**YOUR TASK:**
Return the records exactly as they stand, and keep the pictures out of the copy.

### SOURCE RECORDS ###

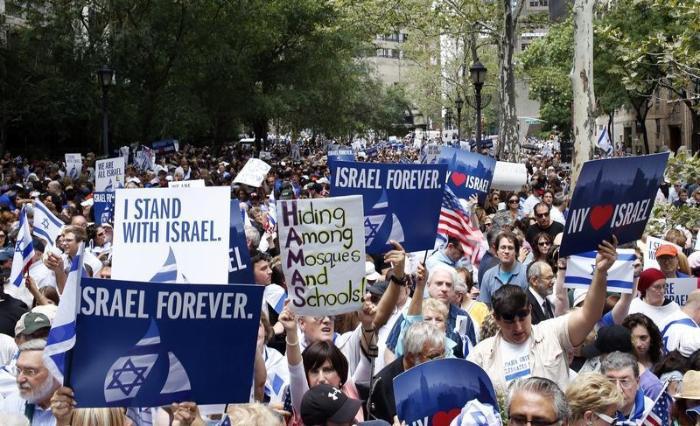 People hold signs during a pro-israeli demonstration near the United Nations in midtown Manhattan in New York City, July 28, 2014.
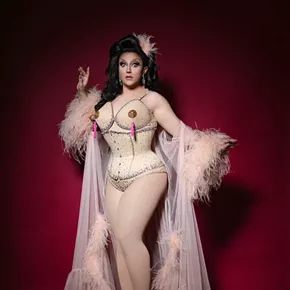 Image: BenDeLaCreme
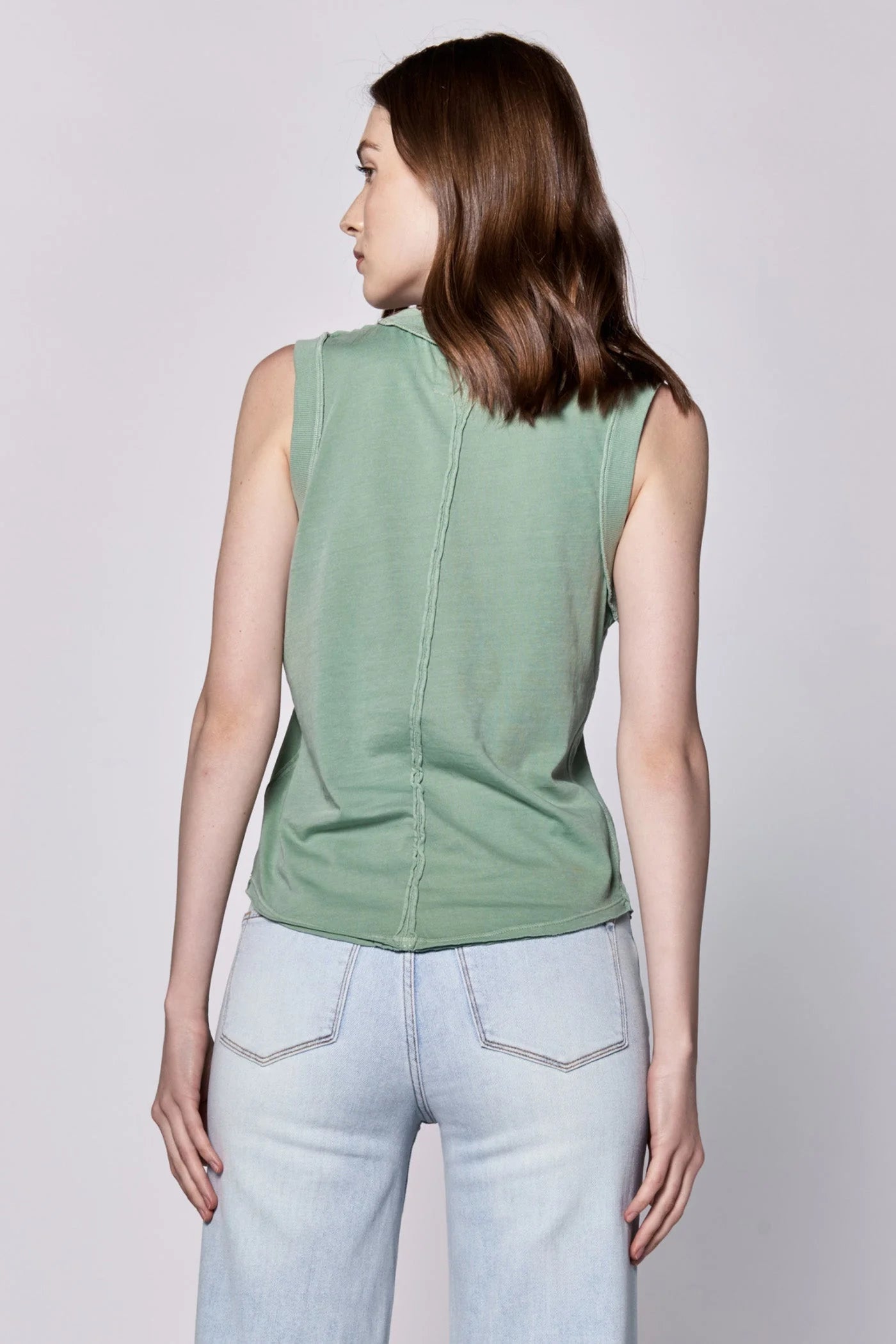ROUND NECK SLEEVELESS TANK - ICEBERG GREEN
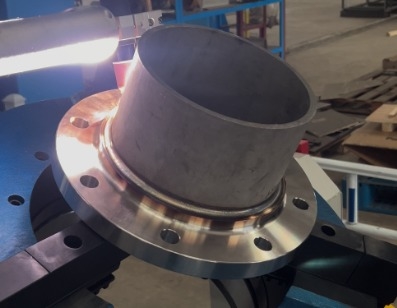 Large scale flange automatic welding equipment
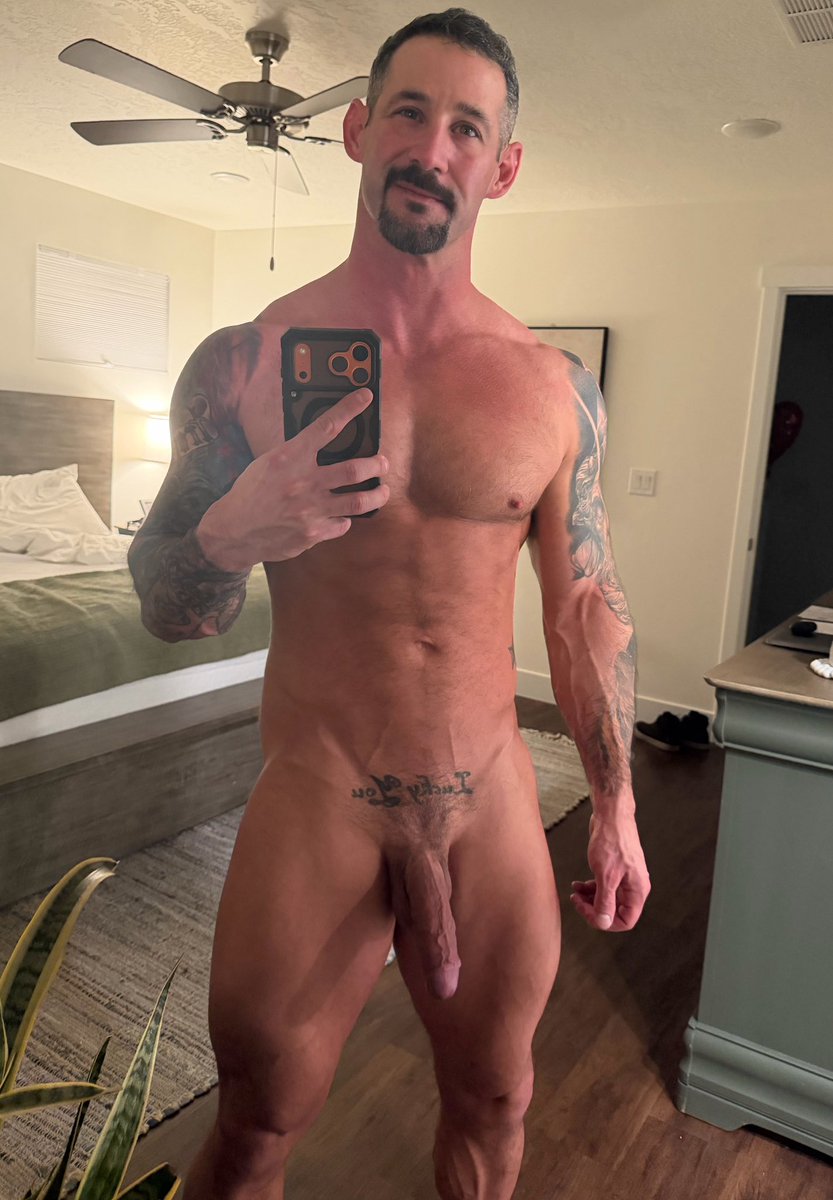 Logan Chase (18+) tweet media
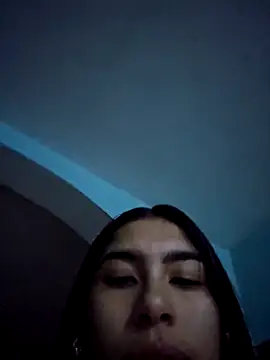 skinnyrox's cam snapshot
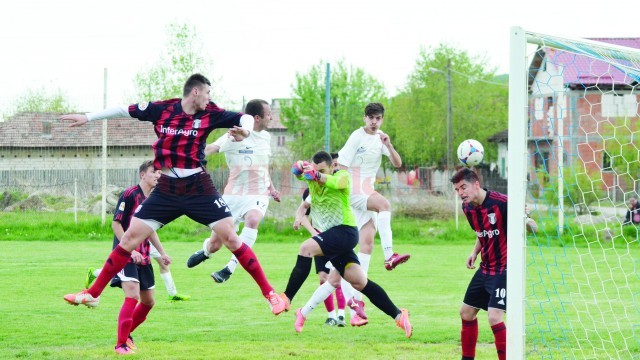 Costi Răduţ (stânga, în alb) şi colegii săi vor continua să evolueze în Liga a III-a (Foto: Alexandru Vîrtosu)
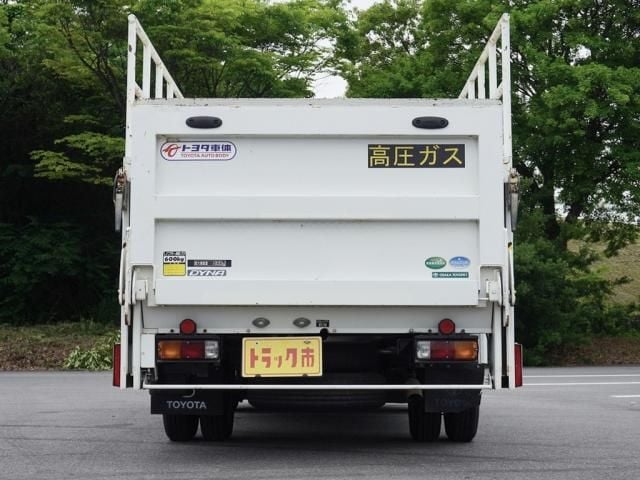 TOYOTA DYNA 2014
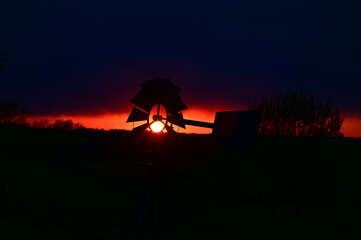 Fototapeta premium Windmill Sunset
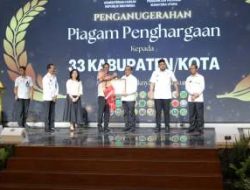 Pemkab Samosir Raih Penghargaan Posbankum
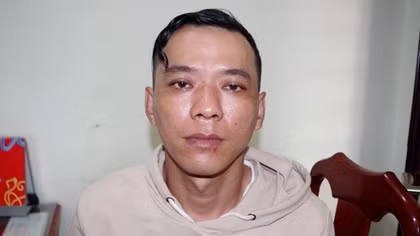 Tên cướp "nuốt không trôi" sợi dây chuyền của thiếu nữ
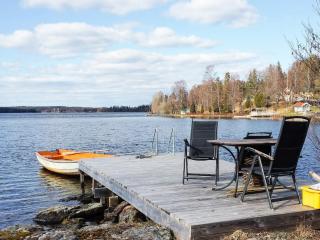 Charming Cottage by Sjunnaryd Lake - 0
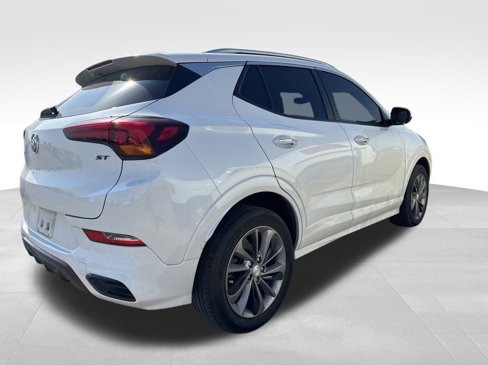 Used 2022 Buick Encore GX Select w/ Sport Touring Package image 4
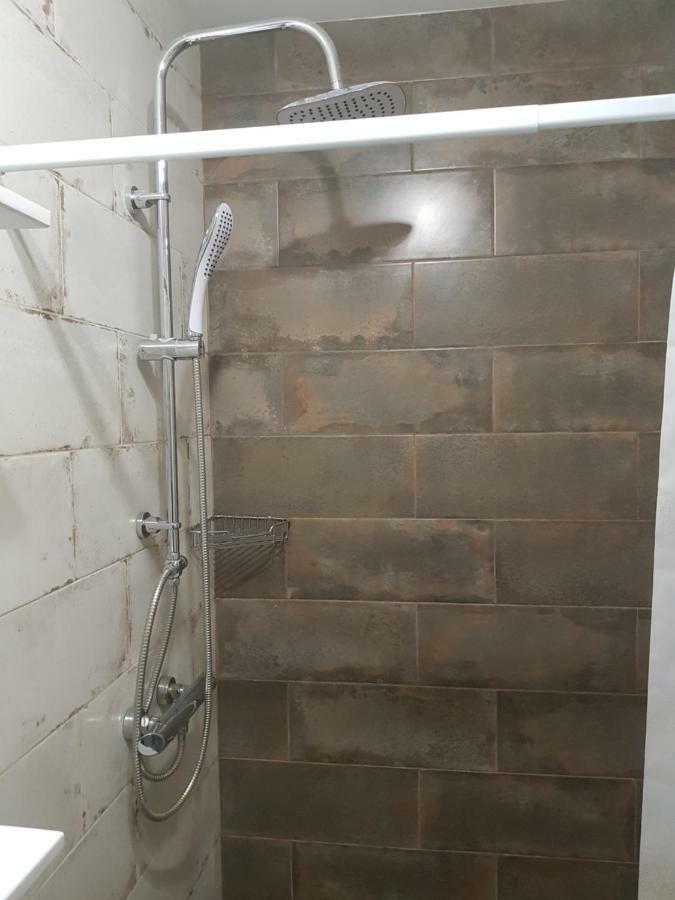 Silver Star Apartment 40M Uzhhorod Luaran gambar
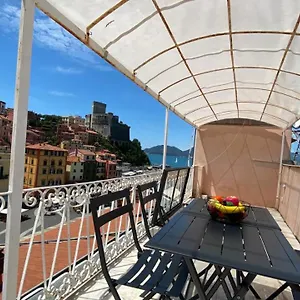 Apartment Square Views, Lerici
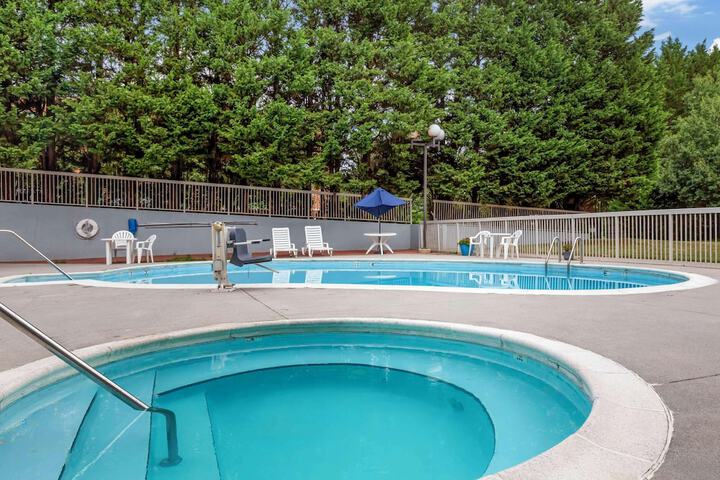 Pool 5 of 38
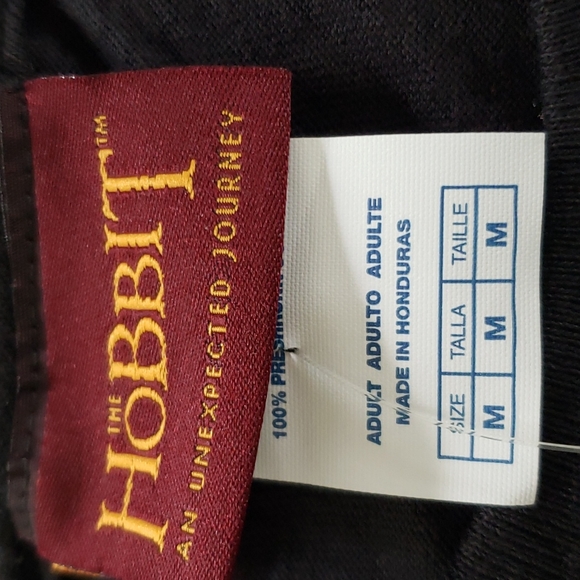 NWT Official Hobbit Shirt Size M - Picture 4 of 5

###

**EXERCISE RESPONSE:**
 People hold signs during a pro-israeli demonstration near the United Nations in midtown Manhattan in New York City, July 28, 2014.
 Image: BenDeLaCreme
ROUND NECK SLEEVELESS TANK - ICEBERG GREEN
 Large scale flange automatic welding equipment
 Logan Chase (18+) tweet media
 skinnyrox's cam snapshot
 Costi Răduţ (stânga, în alb) şi colegii săi vor continua să evolueze în Liga a III-a (Foto: Alexandru Vîrtosu)
 TOYOTA DYNA 2014
 Fototapeta premium Windmill Sunset
 Pemkab Samosir Raih Penghargaan Posbankum
 Tên cướp "nuốt không trôi" sợi dây chuyền của thiếu nữ
 Charming Cottage by Sjunnaryd Lake - 0
 Used 2022 Buick Encore GX Select w/ Sport Touring Package image 4
 Silver Star Apartment 40M Uzhhorod Luaran gambar
 Apartment Square Views, Lerici
 Pool 5 of 38
 NWT Official Hobbit Shirt Size M - Picture 4 of 5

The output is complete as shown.